(CNSNews.com) - House Speaker Nancy Pelosi (D-Calif.) said on Tuesday she "hopes" Democrats will not be forced to drop any of the programs in their multi-trillion social policy bill.
That includes a plan to let the IRS see how much money goes into and out of your bank account every year:
A reporter told Pelosi, "Banks are starting to get calls from customers...They're concerned about this tracking of transactions that (are) greater than $600. So, Americans are starting to be worried about this." The reporter asked Pelosi if she thinks the plan, intended to catch tax cheats, is going to stay in the reconciliation bill?
"Yes," Pelosi said. She said "yes" five times, in fact:
"I mean, with all due respect, the plural of anecdote is not data. I've said that before here. Yes, there are concerns that some people have, but if people are breaking the law and not paying their taxes, one way to track them is through the banking measure. I think $600, that's a negotiation that will go on as to what the amount is. But, yes."

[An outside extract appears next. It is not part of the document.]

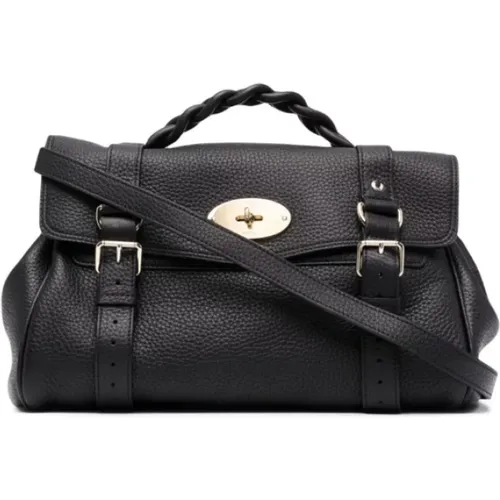 Schwarze handgefertigte Crossbody-Tasche mit geflochtenem Griff - Mulberry - Modalova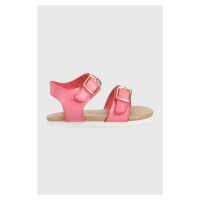Dětské sandály GAP růžová barva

Democrats are considering a plan to vastly expand the IRS as part of their $3.5 trillion "human" infrastructure plan. As part of that plan, banks and other financial institutions would be required to tell the IRS how much money has been deposited and withdrawn every year, the same way employers must report to the IRS how much employees earn every year.
Treasury Secretary Janet Yellen said the goal is to close the "tax gap."

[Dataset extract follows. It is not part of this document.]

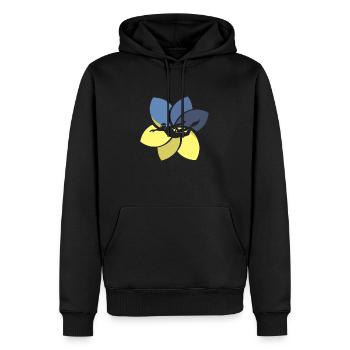 Natation Brasse - Sweat à capuche Premium bio Homme - noir - Devant - Nico (187cm)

"There are a class of partnerships, businesses, high-income individuals who have opaque sources of income that the IRS doesn't have direct information about. That's where the tax gap is," she recently explained.
Under the plan, the Biden administration would hire tens of thousands more IRS auditors to look for tax cheats. And who would this new army of auditors go after?
Conservatives have good reason to distrust the IRS, which -- during the Obama/Biden administration -- used "heightened scrutiny and inordinate delays" in reviewing conservative groups' applications for tax-exempt status. The IRS ended up issuing a "sincere apology" for its bias against conservatives, or viewpoint discrimination.
The American Bankers Association opposes the bank reporting plan, as do many Americans with bank accounts:
"We support efforts to increase compliance so that all taxpayers meet their responsibilities, but putting financial institutions in the position of reporting more information on their account holders – especially when the benefits are far from certain – is not the answer," the ABA said.